AWS Glue
Developer Guide

Logging AWS Glue Operations Using AWS CloudTrail

AWS Glue is integrated with AWS CloudTrail, a service that provides a record of actions taken by a user, a role, or an AWS service in AWS Glue. If you create a trail, you can enable continuous delivery of CloudTrail events to an Amazon S3 bucket, Amazon CloudWatch Logs, and Amazon CloudWatch Events. Using the information collected by CloudTrail, you can determine the request that was made to AWS Glue, the IP address from which the request was made, who made the request, when it was made, and additional details.

To learn more about CloudTrail, including how to configure and enable it, see the AWS CloudTrail User Guide.

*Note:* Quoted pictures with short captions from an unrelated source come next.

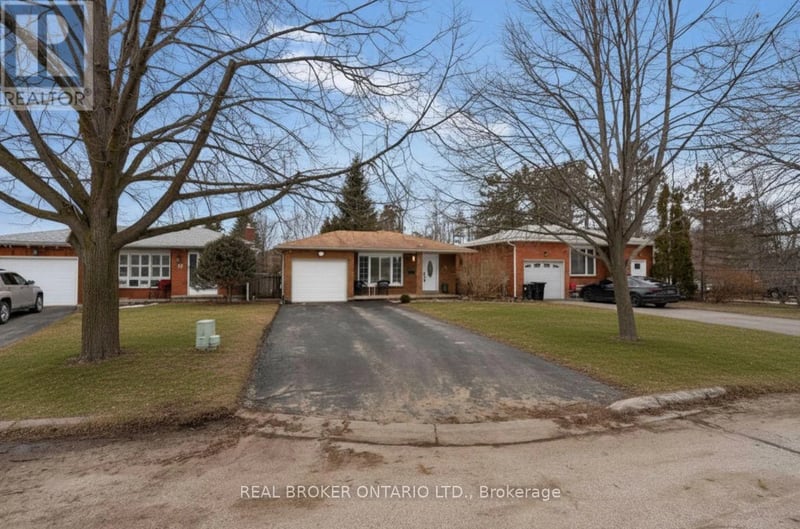 15 Buchanan Street, Barrie (Grove East), Ontario, L4M6B7, Barrie (Grove East), Ontario — photo 1 of 5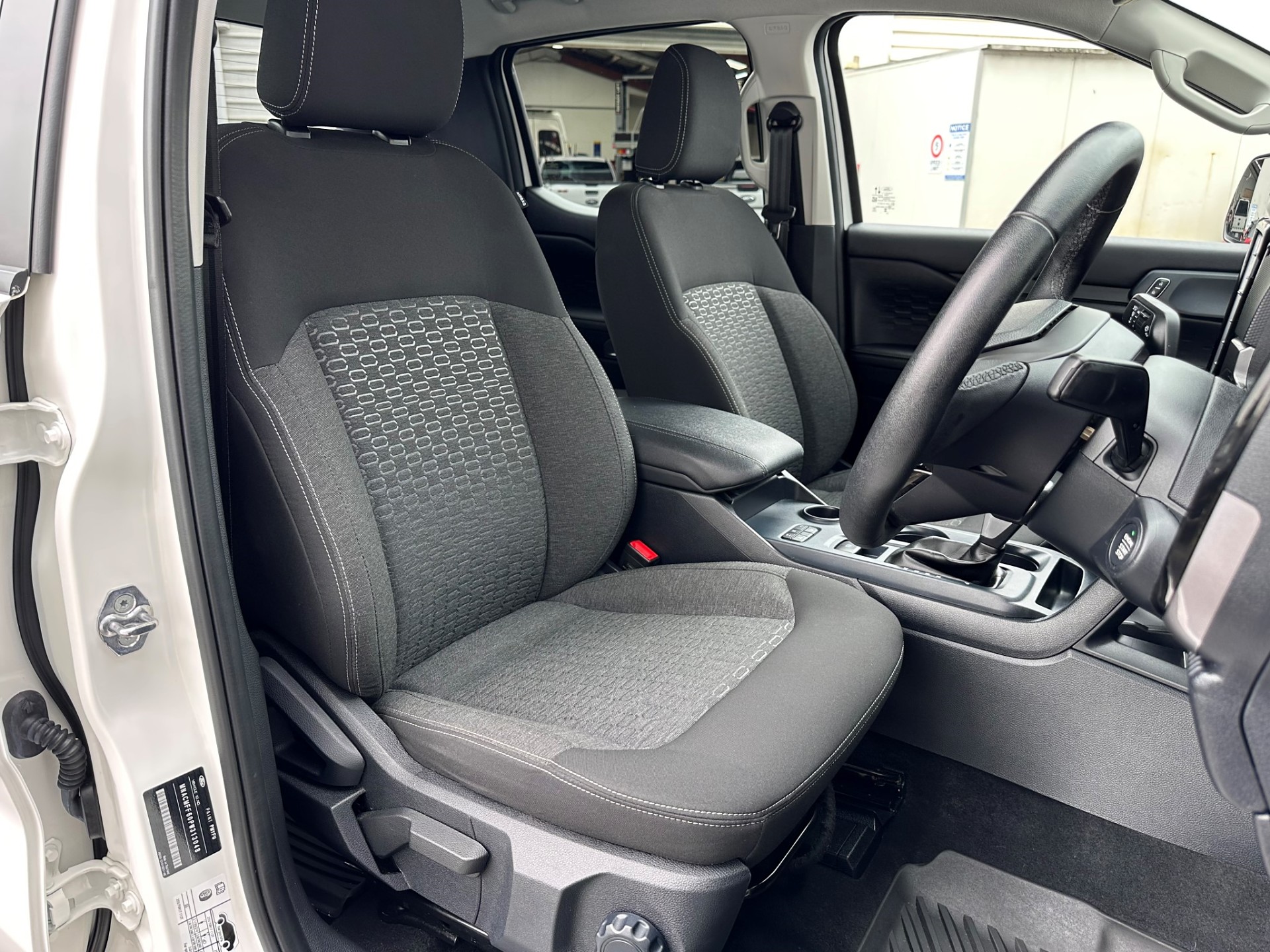 2024 Ford Ranger XLT 4x2 Double Cab - Image 12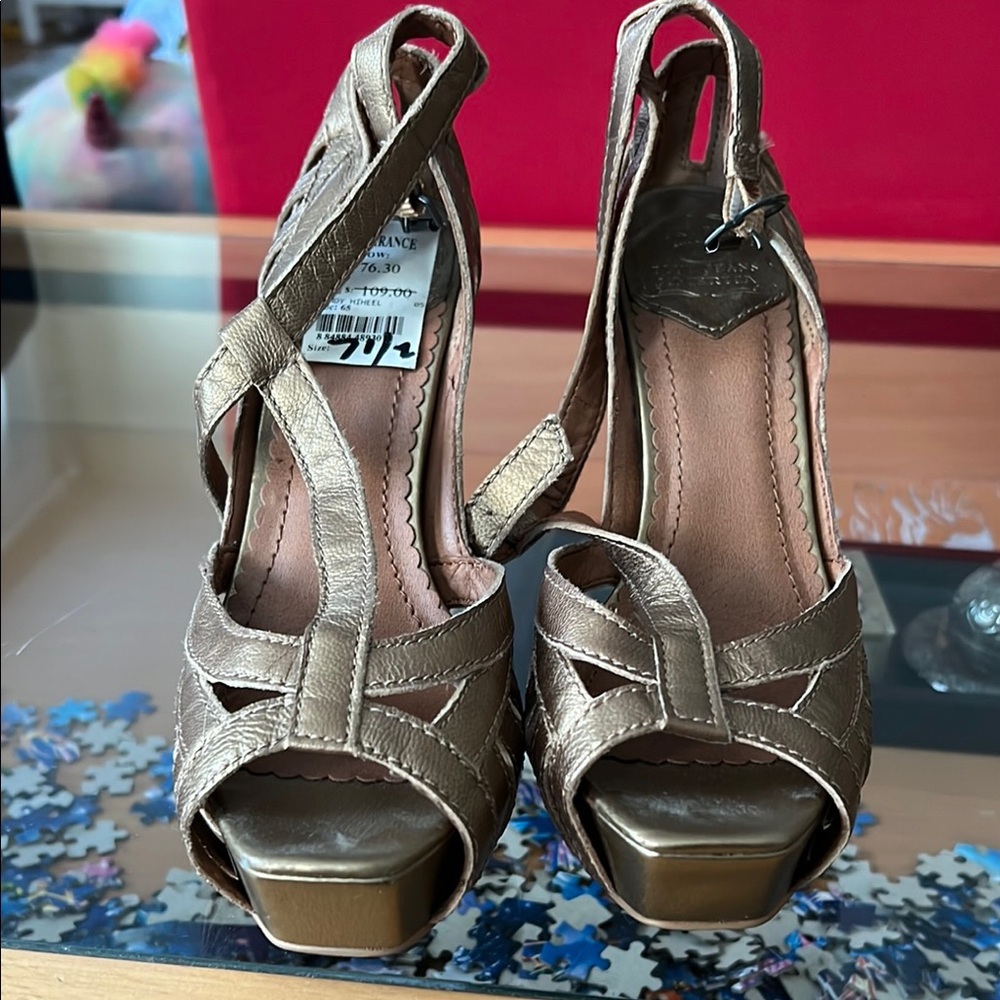 Funky vintage 70s style Lucky Brand heels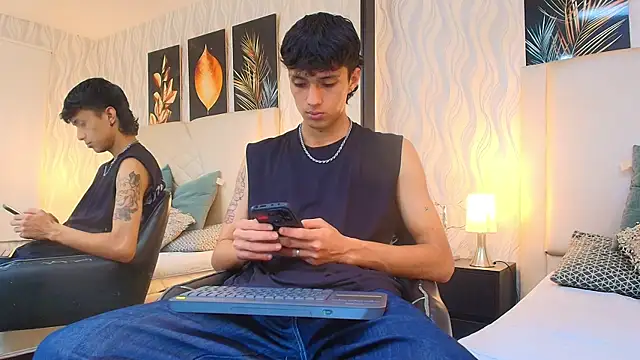 Lean Portman online show from April 4, 3:35 am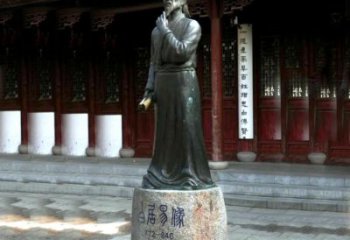 河南白居易铜雕像向著名诗人致敬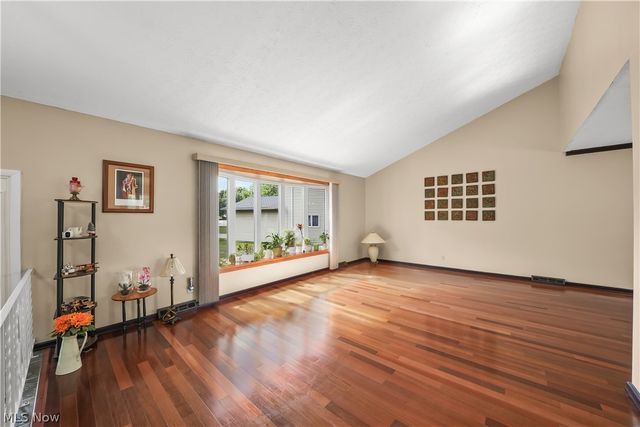 4781 N Hillary Oval, Richmond Heights, OH 44143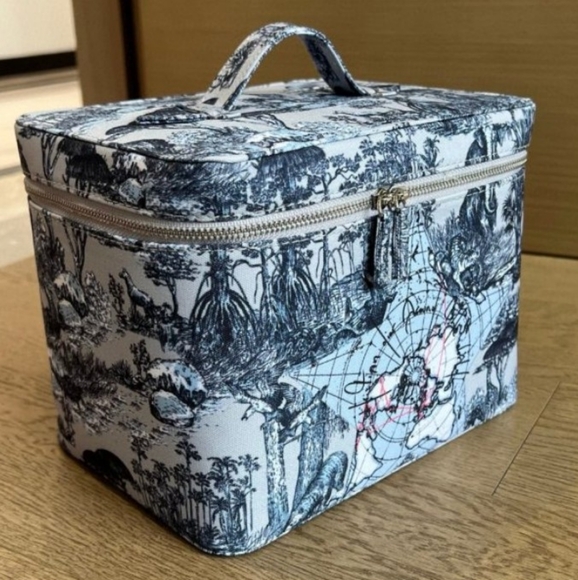 Dior Handbags - Dior Beauté Around the World Vanity Bag Cosmetic Case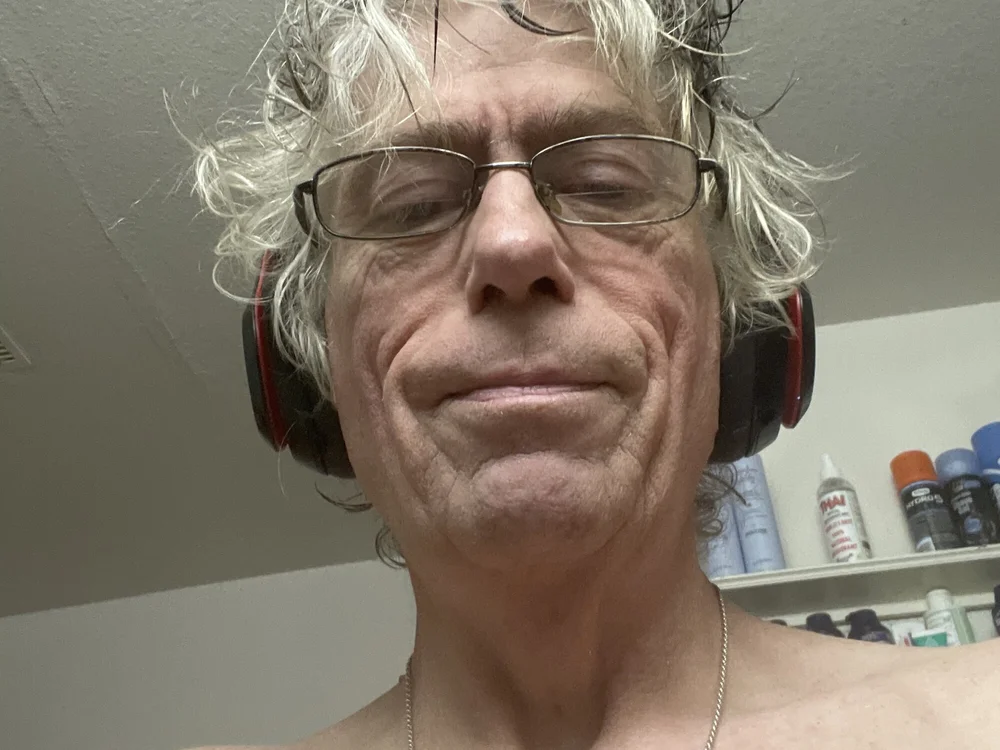 LowkeyTypist's Offline Chat Room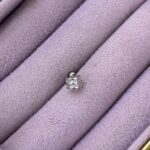 Üç Sıra Işıltı – Mini Halka (Huggie) Piercing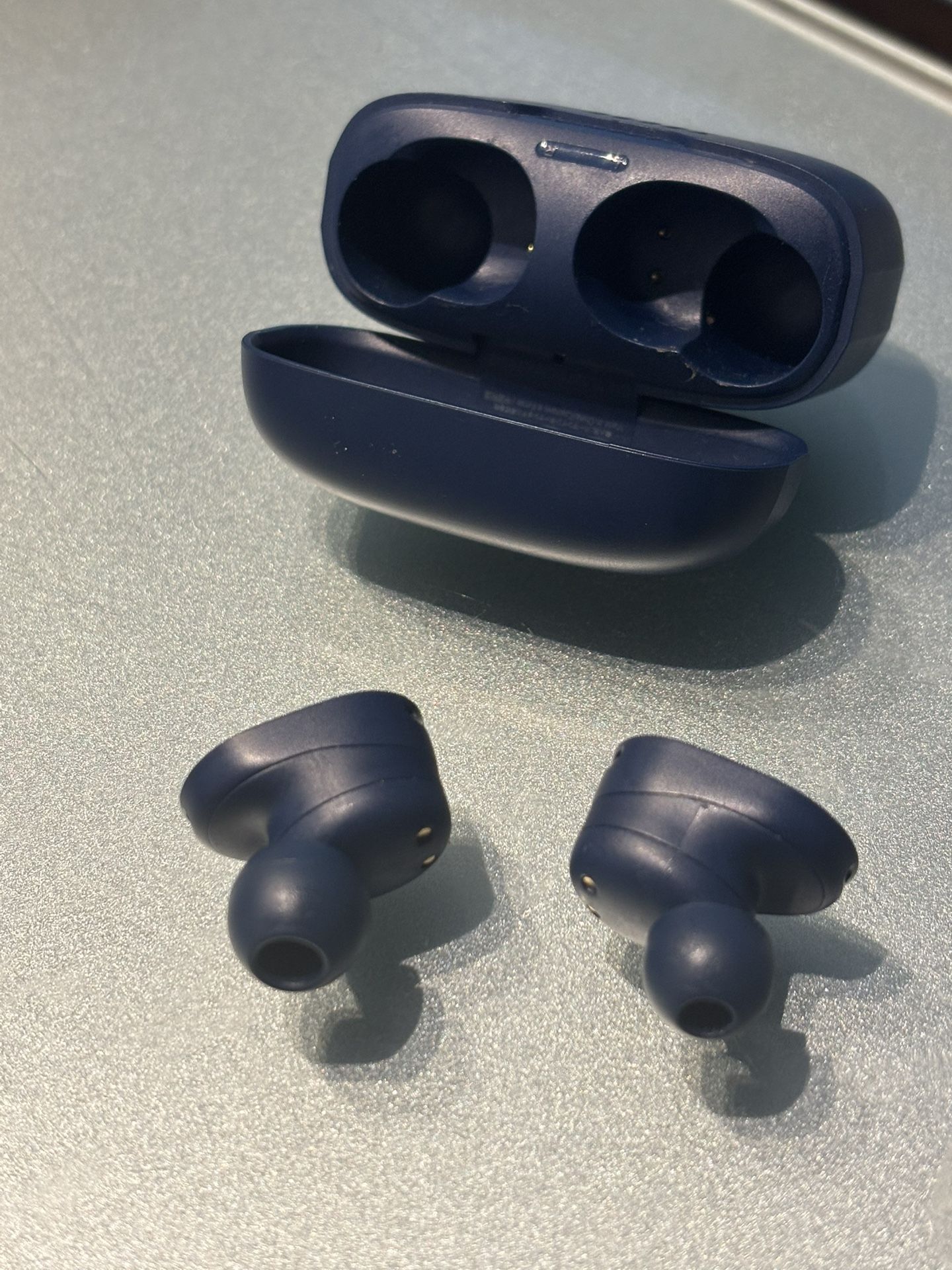 JBL TUNE130NC Earbuds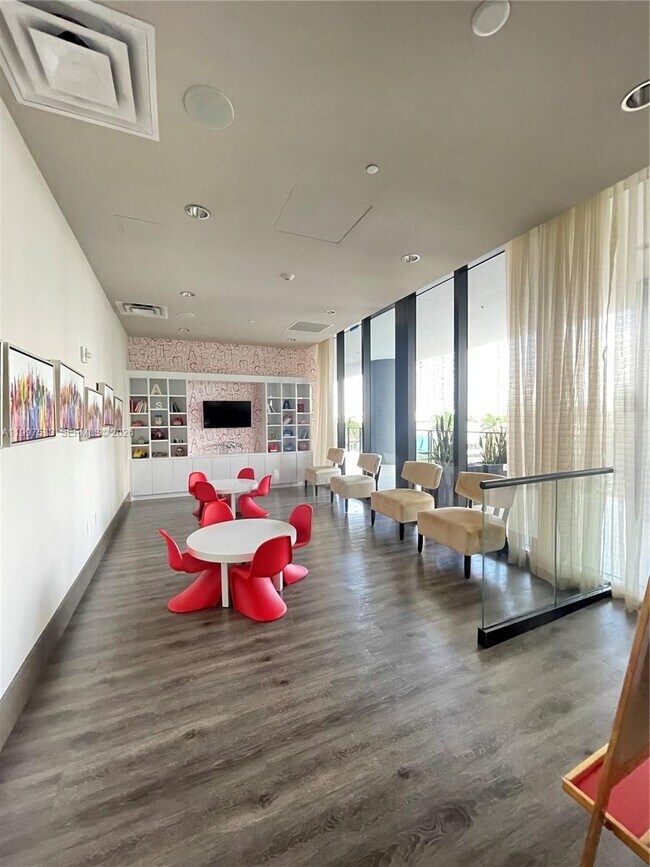 Building Photo - 5252 NW 85th Ave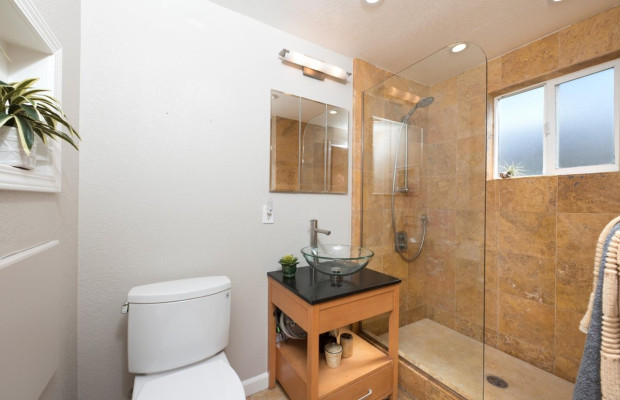 Board and Care in Redwood City California 94061 at easeplacement.com - Ease Placement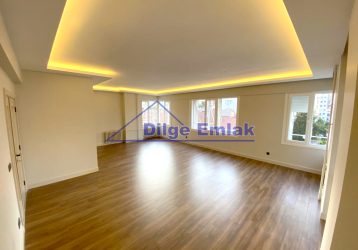 Erenköy Marmaraya Yakın 4+1 Katta Tek Balkonlu Satılık Daire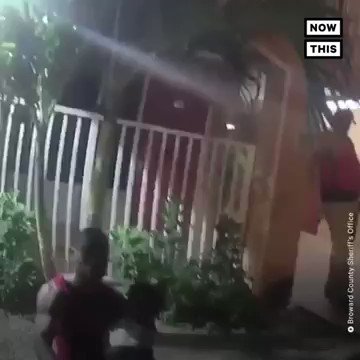 An officer grabbed a Black man's throat calling him 'boy' all while his 9-month-old son is in his hands.
THIS IS WHY WE KNEEL!
Retweet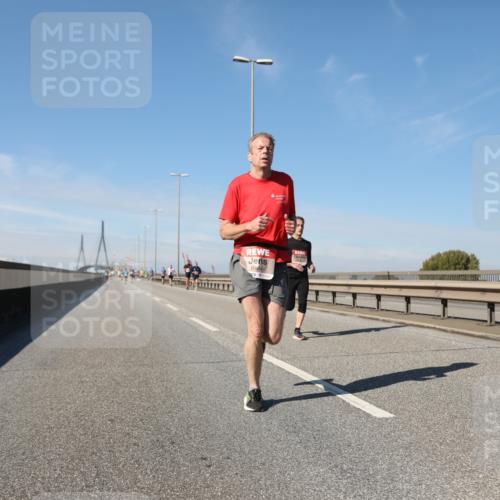 03.10.2025 - Köhlbrandbrückenlauf Yannick Fuchs http://msf.ph/oto/9186460 03.10.2025 11:44:43 Position 3 6464 meine-sportfotos.de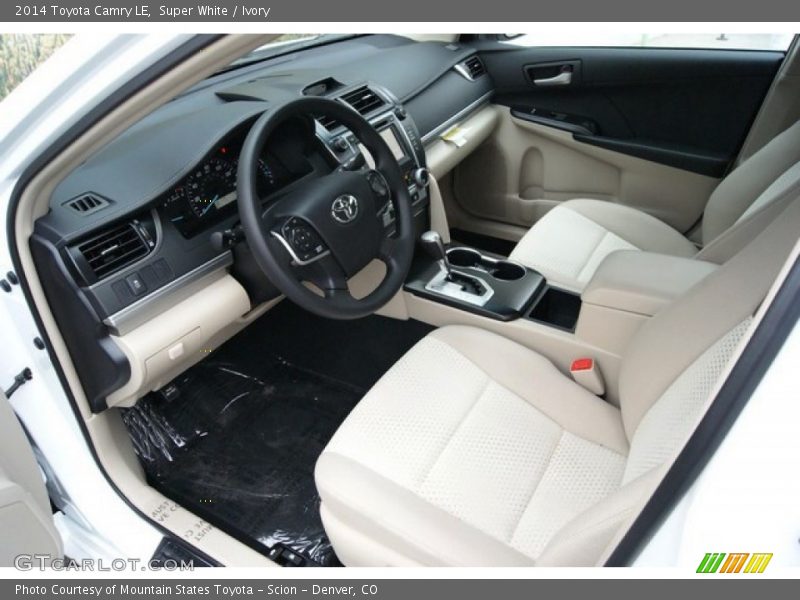 Super White / Ivory 2014 Toyota Camry LE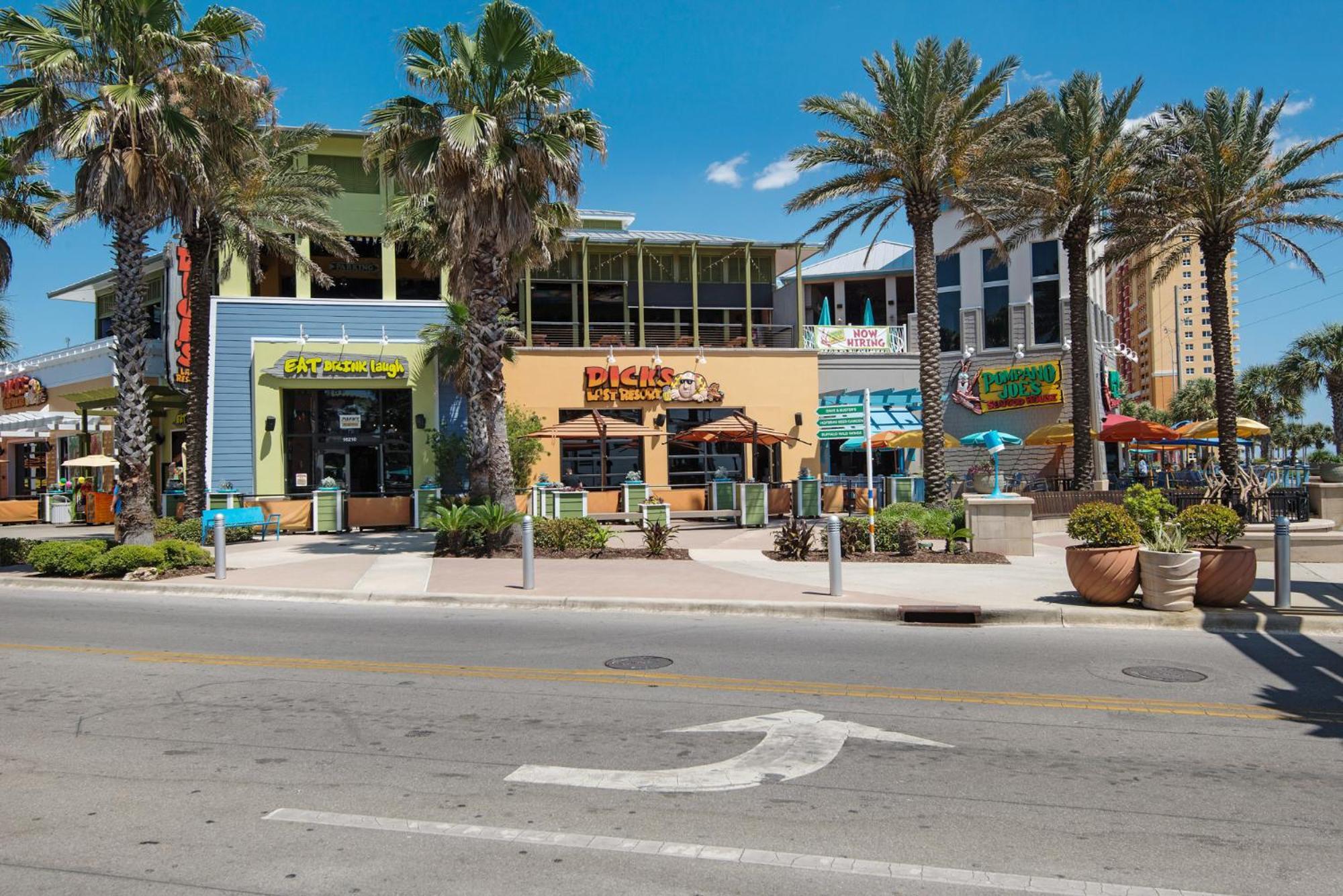 2 Gulf View Balconies! 3 Story Townhome With 4 Bedrooms, 4 Bathrooms! Sleeps12 Holiday home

AWS Glue Information in CloudTrail

Every event or log entry contains information about who generated the request. The identity information helps you determine the following:

  • Whether the request was made with root or IAM user credentials.

  • Whether the request was made with temporary security credentials for a role or federated user.

  • Whether the request was made by another AWS service.

For more information, see the CloudTrail userIdentity Element.

You can also create a trail and store your log files in one of your Amazon S3 buckets for as long as you want. A trail is a configuration that enables delivery of events as log files to an Amazon S3 bucket that you specify. You can then define Amazon S3 lifecycle rules to archive or delete log files automatically. By default, your log files are encrypted with Amazon S3 server-side encryption (SSE).

An event in a CloudTrail log file represents a single request from any source. It includes information about the requested action, the date and time of the action, request parameters, and so on. These events don't necessarily appear in the order the requests were made, or in any particular order at all.

All AWS Glue actions are logged by CloudTrail. For example, calls to CreateDatabase, CreateTable, and CreateScript all generate entries in the CloudTrail log files.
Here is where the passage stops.